DNS Resolution and Service Discovery
Docker runs an embedded DNS server at 127.0.0.11 inside every container. This server resolves container names to IP addresses on user-defined bridge and overlay networks. The default bridge does not provide DNS resolution — you must use --link (legacy) or switch to a user-defined bridge.
In Swarm mode, Docker DNS provides round-robin resolution for services with multiple replicas:
# Create a service with 3 replicas
docker service create --name api --replicas 3 --network my-overlay my-api:latest
# Other containers resolve "api" to one of the 3 replicas via DNS round-robin
Custom DNS settings can be applied per container:
docker run --dns 8.8.8.8 --dns-search example.com nginx
Port Mapping and Security Isolation
Port mapping translates host ports to container ports. The -p flag accepts the format hostPort:containerPort/protocol:
# Multiple ports, specific interface binding
docker run -p 127.0.0.1:8080:80 -p 443:443 nginx
For network isolation, Docker provides several mechanisms:
- Internal networks (
--internal) — containers cannot access the internet. - No network (
--network none) — only loopback, maximum isolation. - Separate bridges — keep containers on different user-defined bridges based on trust levels.
Docker does not have built-in network policies like Kubernetes. For fine-grained control, use iptables, firewalld, or third-party plugins such as Calico, Weave, or Cilium.
Docker Compose Networking Patterns
Docker Compose creates a user-defined bridge network for each project (<project>_default). You can define multiple custom networks in the Compose file to separate concerns:
services:
web:
image: nginx
networks:
- frontend
- backend
db:
image: postgres
networks:
- backend
redis:
image: redis
networks:
- backend
networks:
frontend:
backend:
This pattern separates the public-facing web tier from the internal data tier. The web service connects to both networks, while db and redis are only accessible on the internal backend network.
For connecting to pre-existing networks (e.g., a shared monitoring network), use external networks:
networks:
monitoring:
external: true
When scaling services, each replica gets its own container on the same network. Use depends_on with healthcheck and condition to ensure service readiness, rather than relying on start order alone.
Conclusion
Docker’s networking model provides flexible, secure, and performant options for container communication. Start with user-defined bridge networks for single-host multi-container applications — they offer automatic DNS resolution and better isolation than the default bridge. For multi-host deployments, use overlay networks with Docker Swarm.

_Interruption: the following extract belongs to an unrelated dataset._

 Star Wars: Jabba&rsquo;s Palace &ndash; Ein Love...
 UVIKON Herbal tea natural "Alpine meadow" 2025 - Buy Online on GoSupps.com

When designing your network topology:
- Prefer DNS-based service discovery over hardcoded IP addresses.
- Use separate bridge networks to isolate tiers based on trust levels.
- Choose host networking only when latency or interface access is critical.
- Leverage Compose network definitions to make your infrastructure declarative and reproducible.
Debug network issues with docker network inspect, docker exec into containers to run ip addr and tcpdump, and check firewall rules for cross-host connectivity problems. With these fundamentals in place, you can build container networks that are both powerful and easy to manage.